So we can slice our list selecting the start of wanted entries, and it's end.

In [None]:
hotels = content.text.split("\n")
start = hotels.index('Atlanta Hotels')
end = hotels.index('Europe')

Now we create a new list for links, filtering out all unwanted entries, leaving only those, which start with 'N' or 'L'.

In [None]:
city_links = []
# Find all <a> elements and loop through them
for elem in content.find_elements_by_xpath(".//a")[start:end]: 
    # If name of element starts with 'N' or 'L'
    if elem.text.lower().startswith('n') or elem.text.lower().startswith('l'):
        # Cut name of hotel from string
        name = elem.text.split('Hotels')[0].strip()
        # Add element to list of links
        city_links.append((name,elem.get_attribute('href')))

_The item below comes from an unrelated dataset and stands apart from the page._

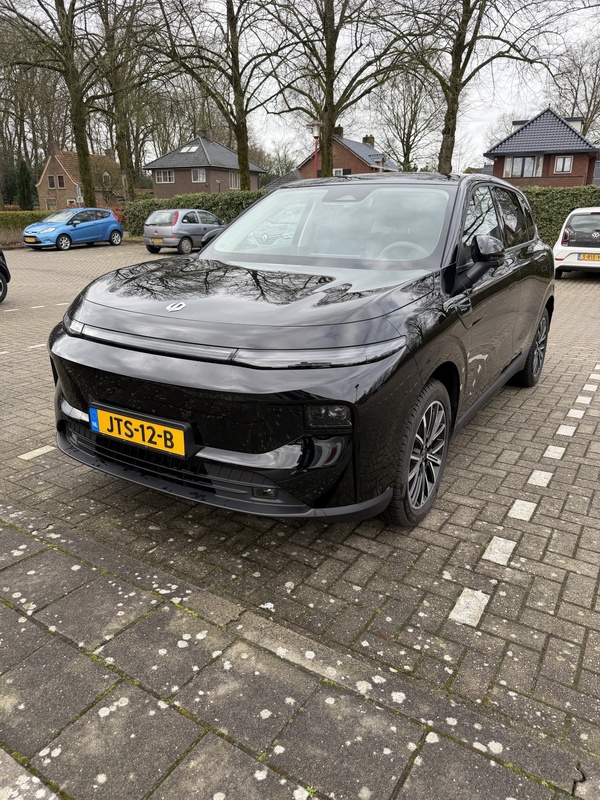 Afbeeldingslocatie: https://tweakers.net/i/dBfH68wHVLhsVZErTjcA6gm9EEg=/x800/filters:strip_icc():strip_exif()/f/image/nnpDahv0D575HgiZKuFnSsvj.jpg?f=fotoalbum_large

print("city_links:")        
print(city_links)

This scraping process for each city can be broken into such steps.
* Load page with hotels for a city.
* Pick dates.
* Click sorting button.
* Scrape links for hotels on page.
* Click Next button.
* Repeat. Scrape links...


We use the `time.sleep()` function to ensure that page is reloaded properly after clicks. If you have slow Internet connection or in case you experience any exceptions, first try increasing `sleep_time`.

In [None]:
# 5 seconds
sleep_time = 5

First we will take a look on the process for one city. Then we will wrap everything into a single piece of code.
## Load Page

In [None]:
# Load page for first city
driver.get(city_links[0][1])

Sometimes there is a popup.
![alt text](images/9.jpg)
It will prevent everything from working.<br> So we need to close it with X button.
![alt text](images/10.jpg)

In [None]:
# It is wrapped in try-except block in case there is no such popup
try:
    driver.find_element_by_class_name("ui_close_x").click()
except:
    pass

## Set dates
We have to set up dates if we want TripAdvisor to show us average prices.
![alt text](images/11.jpg)
Well select today as check-in date, and a date two weeks later as the check-out date.
![alt text](images/12.jpg)
There is a bug on TripAdvisor, all dates are shifted one month.
![alt text](images/13.jpg)

Here we define two functions. The first one will click on specific date. And the second one will calculate the dates, and fill them in.

In [None]:
from datetime import datetime, timedelta

# This function will click on the specific date in calendar
def click_date(date):
    months = driver.find_element_by_class_name('dsdc-months.large-bottom-margin')
    # Loop through all days in month, untill we find two-weeks-later date
    for day in months.find_elements_by_class_name("dsdc-cell.dsdc-day"):
        if str(day.get_attribute('data-date')) == date:
            # Click that day
            day.click()
            break

# This function will select date pickers, and fill both of them
def set_dates(date_picker):    
    # Date for today    
    today = datetime.now().date()
    # There is a strange feature on TripAdvisor website, the months are shifted
    str_today = str(today.year) + "-" + str(today.month - 1) + "-" + str(today.day)
    # Delta is the shift. Two weeks = 14 days in our casemik
    delta = timedelta(days=14)
    # Date two weeks later
    tw_later = today + delta
    str_tw_later = str(tw_later.year) + "-" + str(tw_later.month - 1) + "-" + str(tw_later.day)
    
    # Find date picker fields, there are two.
    pickers = date_picker.find_elements_by_class_name('picker-label')    
    # Click the first field    
    pickers[0].click()
    # Set date
    click_date(str_today)    
    # Second one
    pickers[1].click()    
    click_date(str_tw_later)

Here we find our pickers on the page using `find_elements_by_class_name` function. And then fill the values in. We'll select the element with date pickers.
![alt text](images/14.jpg)

In [None]:
# Find the data picker square
date_picker = driver.find_element_by_class_name("prw_rup.prw_datepickers_desktop_horizontal_styleguide_icon.hotels_static_datepickers")
# Fill in dates
set_dates(date_picker)

After date picking this part will look like this.
![alt text](images/15.jpg)
## Click sorting button

Here we will sort all the hotels by Lowest Price. First we will select the bar with buttons. 
![alt text](images/17.jpg)
Then we will select the necessary button, and make Selenium to 'Click' on it. This will change the sorting. Here we use CSS Selectors, for more info on them, refer to this [page](http://saucelabs.com/resources/articles/selenium-tips-css-selectors).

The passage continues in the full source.